NEW YORK (GenomeWeb) – A team led by researchers at Regeneron Pharmaceuticals has uncovered a gene variant that appears to protect against chronic liver disease.
Chronic liver disease and cirrhosis affect about 3.9 million adults in the US and caused the deaths of 40,326 people in 2015, according to the Centers for Disease Control and Prevention.
Using data from nearly 47,000 participants in the Geisinger Health System's DiscovEHR study — which links patients' exomes to their electronic health records — researchers led by Regeneron scientists Jesper Gromada and Frederick Dewey homed in on genetic variants associated with serum levels of two proteins linked to liver injury. As they reported in the New England Journal of Medicine, the researchers found that a loss-of-function variant in HSD17B13 was linked to lower levels of those injury markers as well as to a decreased risk of alcoholic liver disease, nonalcoholic liver disease, alcoholic cirrhosis, and nonalcoholic cirrhosis.
The researchers tested for genetic associations between more than half a million genetic variants and serum levels of alanine aminotransferase (ALT) and aspartate aminotransferase (AST), both markers of hepatocyte injury, in 46,544 people of European descent from the DiscovEHR study. In this discovery cohort, some 35 variants in 19 genes were significantly associated with ALT or AST levels.
After replication in three additional cohorts — 2,644 other individuals from the DiscovEHR population, 1,357 people from the Dallas Heart Study, and 8,526 samples from the Penn Medicine Biobank — and a combined meta-analysis, the researchers tied 13 variants in nine genes to either ALT or AST levels, both in genes previously linked to liver disease and in novel ones. This included a reproducible association between a variant in HSD17B13, which encodes hydroxysteroid 17-beta dehydrogenase 13, and both ALT and AST levels.

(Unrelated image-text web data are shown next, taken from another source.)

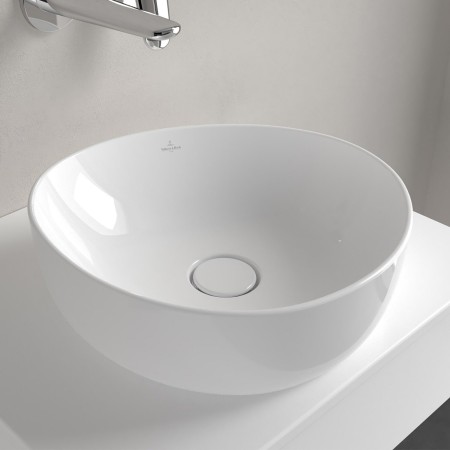 Villeroy & Boch Antao Aufsatzwaschbecken 40 x 39,5 cm, ohne Überlauf, ungeschliffen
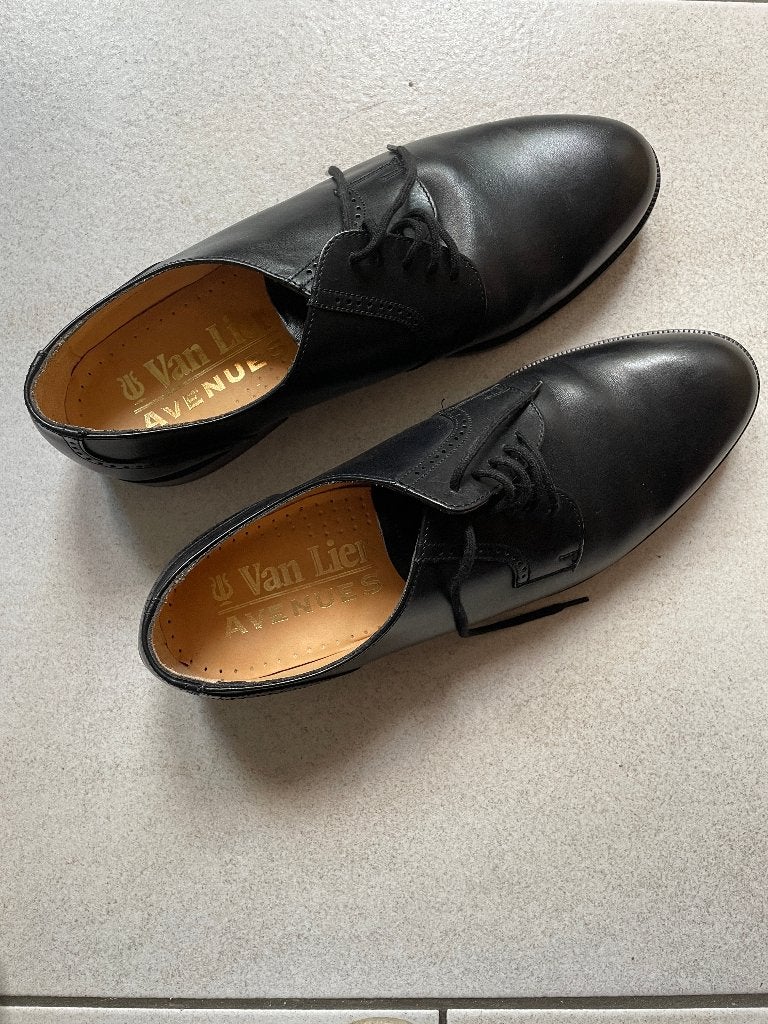 Van Lier herenschoenen maat 41 als nieuw, Kleding | Heren, Ophalen, Zwart, Van Lier, Zo goed als nieuw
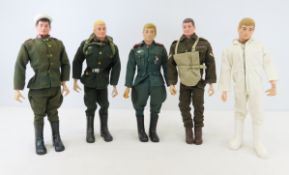 5 Vintage & Modern GI Joe Action Figures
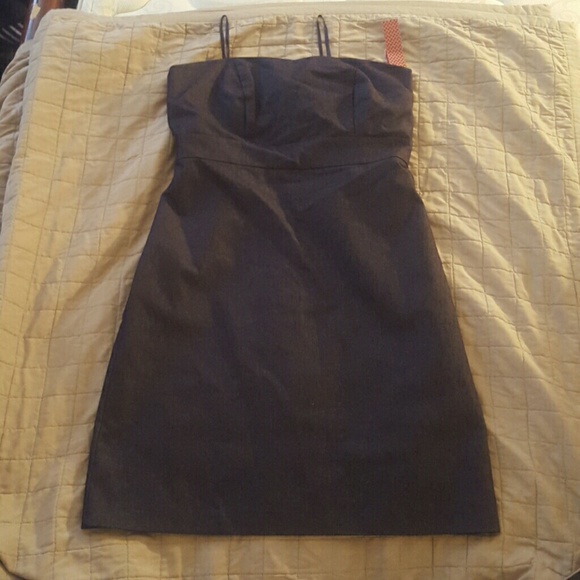 Strapless Denim Dress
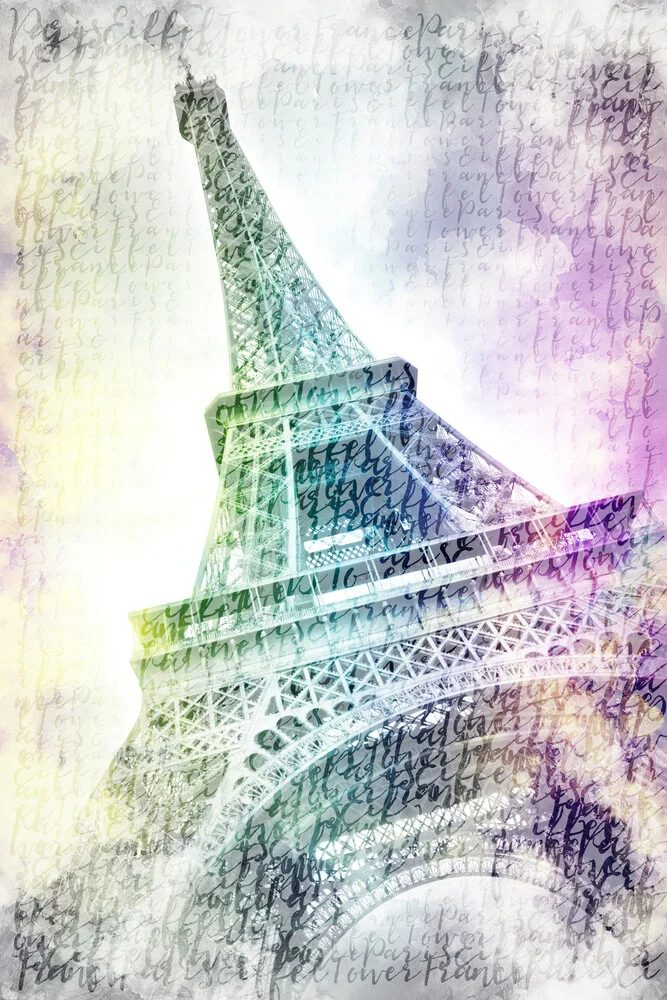 PARIS Eiffelturm Aquarell - fotokunst von Melanie Viola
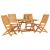 Set de masă pentru grădină 5 pcs Maro Lemn Solid de Acacia GartenMobel Dekor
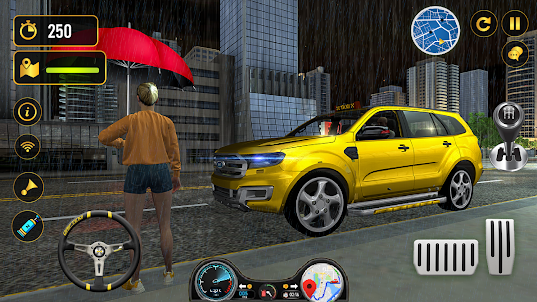 Taxi auto conducteur 3d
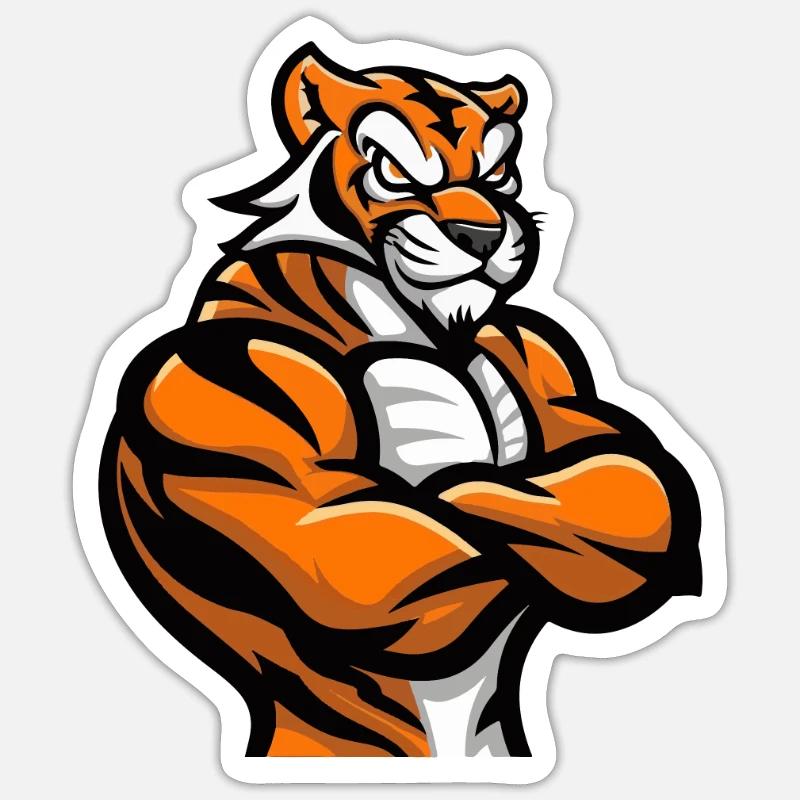 Tiger Comic Sticker size S (10 x 10 cm)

This variant, rs72613567, is a splice variant.
The researchers tested whether the 13 variants in nine genes they found were also associated with chronic liver diseases and found six variants in five genes that were, including the rs72613567 variant.
In the discovery cohort, the HSD17B13 rs72613567:TA variant was associated with lower risk of liver disease in an allele dose-dependent manner. For instance, among heterozygotes, it was linked to a 42 percent reduced risk of alcoholic liver disease, while among homozygotes it was linked to a 53 percent reduced risk. It was likewise linked to a reduced risk of liver disease in the Dallas Liver Study cohort and to lower odds of pediatric liver disease in the Dallas Pediatric Liver Study cohort, both of which are multi-ethnic cohorts.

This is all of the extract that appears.